Imam Besar Forum Betawi Rempug (FBR) KH Lutfi Hakim meminta Pemerintah Provinsi Jakarta segera menerbitkan Peraturan Gubernur (Pergub) tentang Lembaga Adat-Kebudayaan Betawi. Permintaan ini disampaikan untuk memberikan perlindungan dan kepastian hukum bagi kegiatan pelestarian budaya Betawi.
Lutfi menyampaikan hal tersebut dalam acara Milad ke-25 FBR di Kemayoran, Jakarta, Sabtu (1/8/2026). Menurutnya, Jakarta akan genap berusia 5 abad, dan masyarakat Betawi tidak pernah takut dengan perubahan sejak dulu. Bahkan, Betawi lahir dari perjumpaan dan tumbuh karena keterbukaan.
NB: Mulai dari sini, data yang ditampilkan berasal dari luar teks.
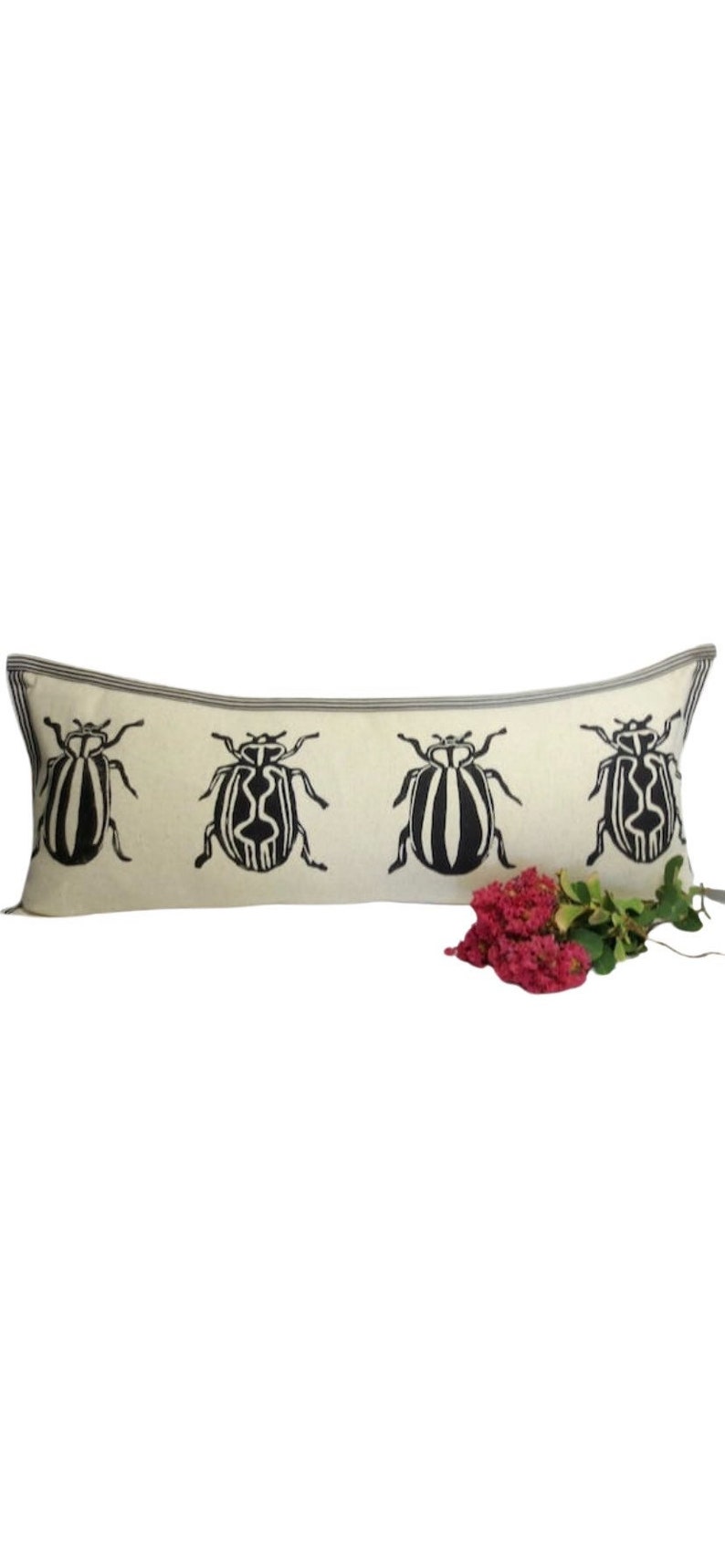 Puede incluir: Una almohada larga y rectangular con fondo blanco y dise&ntilde;os de escarabajos negros. La almohada tiene una franja gris a lo largo de los bordes.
"Tapi, izinkan saya menyampaikan satu kegelisahan. Apa arti sebuah kota global apabila anak-anak kandungnya kehilangan rasa memiliki? Apa arti gedung-gedung yang menjulang tinggi mencakar langit apabila akar kebudayaannya perlahan menghilang? Apa arti kemajuan ekonomi apabila kebudayaan hanya menjadi dekorasi pada perayaan tahunan?" ujarnya.
Lutfi menegaskan, pihaknya tidak meminta sesuatu yang berlebihan. Ia hanya berharap amanah undang-undang diwujudkan melalui hadirnya pergub tersebut. "Hari ini kami tidak meminta sesuatu yang berlebihan. Kami hanya berharap agar amanah undang-undang benar-benar diwujudkan melalui hadirnya Peraturan Gubernur tentang Lembaga Adat dan Kebudayaan Betawi," katanya.
Menurut Lutfi, regulasi itu merupakan ikhtiar besar untuk melestarikan budaya Betawi. "Mengapa pergub ini begitu krusial bagi kami? Karena di dalam lembaran-lembaran kertas tersebut mengalir urat nadi perlindungan budaya dan ekonomi budaya masyarakat kita," ucapnya.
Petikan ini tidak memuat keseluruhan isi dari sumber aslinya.